How to solve this limit: $\lim_{x\to\infty}\sqrt{x+\sqrt{x}}-\sqrt{x-1}$ [duplicate]
Let's start from your last line: $$\begin{align} \lim_{x\to+\infty}\frac{1+\sqrt{x}}{\sqrt{x+\sqrt{x}}+\sqrt{x-1}} &= \lim \frac{\sqrt x}{\sqrt x} \frac{\frac{1}{\sqrt x} + 1}{\sqrt{1 + \frac{1}{\sqrt x}} + \sqrt{1 - \frac{1}{ x}}} \\ &= \frac{1}{1 + 1} = \frac{1}{2} \end{align}$$ where we note that everywhere we have $\frac{1}{\sqrt x}$, those terms go to $0$ as $x \to \infty$. The method of factoring out the largest element in the numerator and denominator very often works. $\diamondsuit$
You may just observe that, as $x\to \infty$: $$ \frac{1+\sqrt{x}}{\sqrt{x+\sqrt{x}}+\sqrt{x-1}}\sim \frac{\sqrt{x}\left(1+\frac1{\sqrt{x}}\right)}{\sqrt{x}\left(\sqrt{1+\frac{1}{\sqrt{x}}}\right)+\sqrt{x}\left(\sqrt{1-\frac{1}{x}}\right)}\sim \frac12. $$
$$\begin{align}(x + x^{1/2})^{1/2} &= x^{1/2} + \frac 12 x^{-1/2}x^{1/2} -\frac 1 8 x^{-3/2}x+\cdots\\&=\sqrt x+\frac 12-\frac1{8\sqrt x} +\cdots\\ (x-1)^{1/2} &=\sqrt x -\frac 1{2\sqrt x}+\cdots \end{align}$$
therefore $$(x + x^{1/2})^{1/2} - (x-1)^{1/2}=\frac 1 2 + \frac 3{8\sqrt x} + \cdots \rightarrow \frac 12 \text{ as } x \to \infty.$$
We have $$\frac{1}{2}=\lim_{x\rightarrow\infty}\frac{\sqrt{x}}{2\sqrt{x}\left(\sqrt{\left(1+\frac{1}{\sqrt{x}}\right)}\right)}\leq\lim_{x\rightarrow\infty}\frac{\sqrt{x}}{\sqrt{x\left(1+\frac{1}{\sqrt{x}}\right)}+\sqrt{x}}\leq\lim_{x\rightarrow\infty}\frac{1+\sqrt{x}}{\sqrt{x+\sqrt{x}}+\sqrt{x-1}}\leq\lim_{x\rightarrow\infty}\frac{1+\sqrt{x}}{2\sqrt{x}}=\frac{1}{2}$$
Useful inequality chain
Given $a \ge 0$ and $b > -\frac{1}{2}a$:
$a+b-2\frac{b^2}{a} \le a+b-\frac{b^2}{a+b} = \frac{a^2+2ab}{a+b} \le \sqrt{a^2+2ab} \le a+b-\frac{1}{2}\frac{b^2}{a+b} \le a+b$
Solution
Given $x \ge 1$:
$\sqrt{x}+\frac{1}{2}-\frac{1}{4\sqrt{x}+2} \le \sqrt{x+\sqrt{x}} \le \sqrt{x}+\frac{1}{2}$.

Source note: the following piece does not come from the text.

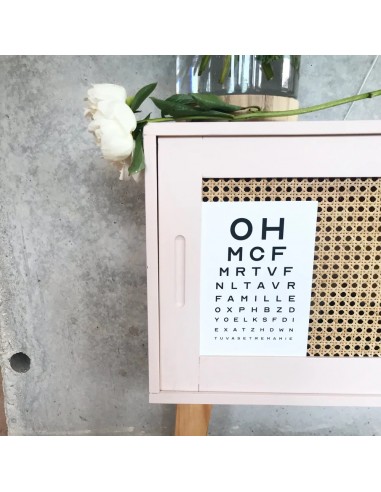 Annonce de grossesse originale - Test de vue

$\sqrt{x}-\frac{1}{2\sqrt{x}}-\frac{1}{4x\sqrt{x}} \le \sqrt{x-1} \le \sqrt{x}-\frac{1}{2\sqrt{x}}$.
Therefore $\sqrt{x+\sqrt{x}}-\sqrt{x-1} \to \frac{1}{2}$ as $x \to \infty$.
Notes
This kind of inequalities are useful when we do not want to use asymptotic expansion but otherwise as shown by abel expansion is the most widely applicable.